Thursday, December 17, 2009

Desperado

Last night I had restless dreams about taking a pregnancy test so this morning at 5:30 am I got up and I took one, I took a pregnancy test...
Let's rewind for a moment. A few days ago I realized my period would be due soon, and don't forget about my pretend pregnancy thoughts. I even was convinced I gave 'my baby' Fetal Alcohol Syndrome after one too many glasses of champagne Saturday night. So I peaked under the bathroom sink and pulled out my handy dandy First Response box opened with 2 tests (it was a 3 pack) inside. When you are trying to get pregnant those little suckers become as vital as water. Anyway I read the instructions to determine what day I could take the test early and lo and behold...the instructions used an example..."For example, if you are due on the 21st you can take the test on the 17th." Well no shit, I am due on the 21st and the 17th is just a couple of days away! I took that as a sign I should take the test early and maybe I was indeed pregnant.

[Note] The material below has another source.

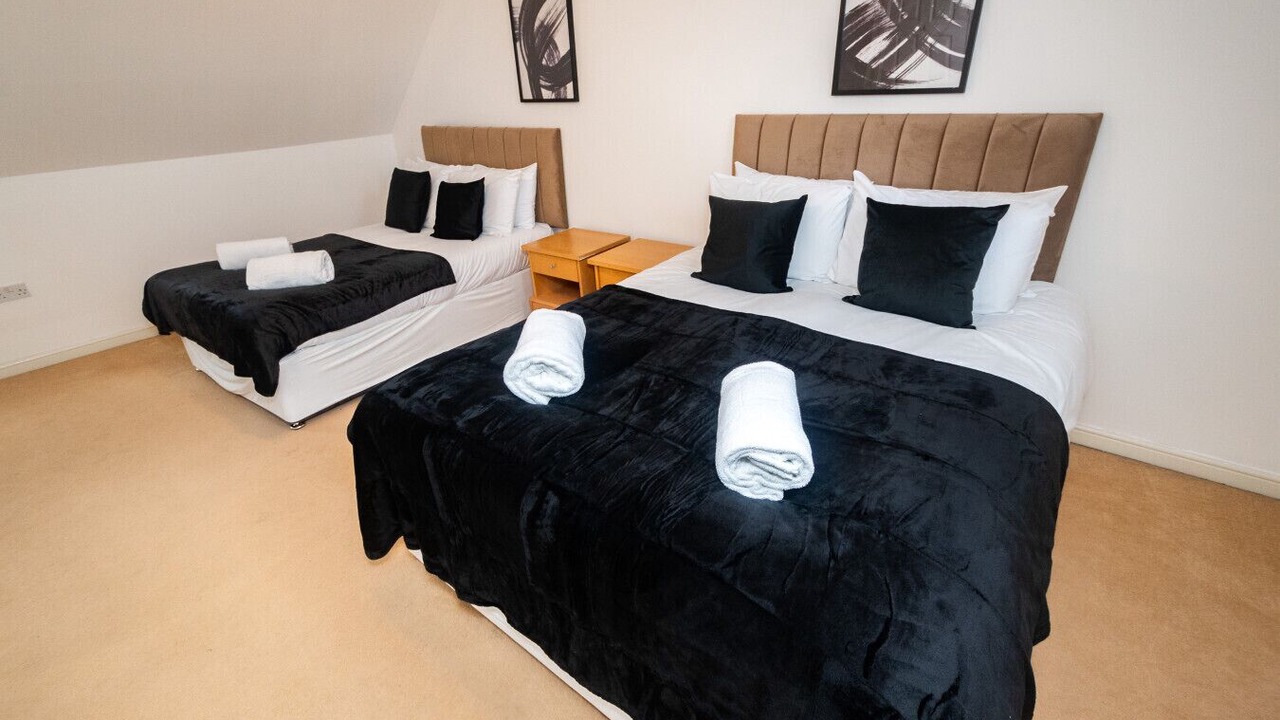 Photo of Bedroom in Ipswich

So today is the 17th and I took the test early. I am indeed not pregnant. Sucks. But the box did say that if the test is negative try again 7 days after your due date if you still have not gotten a period. I know you will be shocked to hear that I will be doing exactly just that, hopeful that my "you have a baby inside you!" hormone level was just to low to read this time. My question is though, when does all of this stop looking hopeful and start looking desperate? Do I already appear desperate and I am too delusional to see it? I mean I have a freakin song picked out for the slide show of picture I want to put together after my baby is born; I can see pictures of Mike, me and our precious baby scrolling through with a powerful song to guide. When does that stop being sweet and start being pathetic? I feel like maybe I am pathetic and desperate, but what else do I have to go on? I have to stay in this mindset that it can...and it will happen. I can't even imagine the alternative.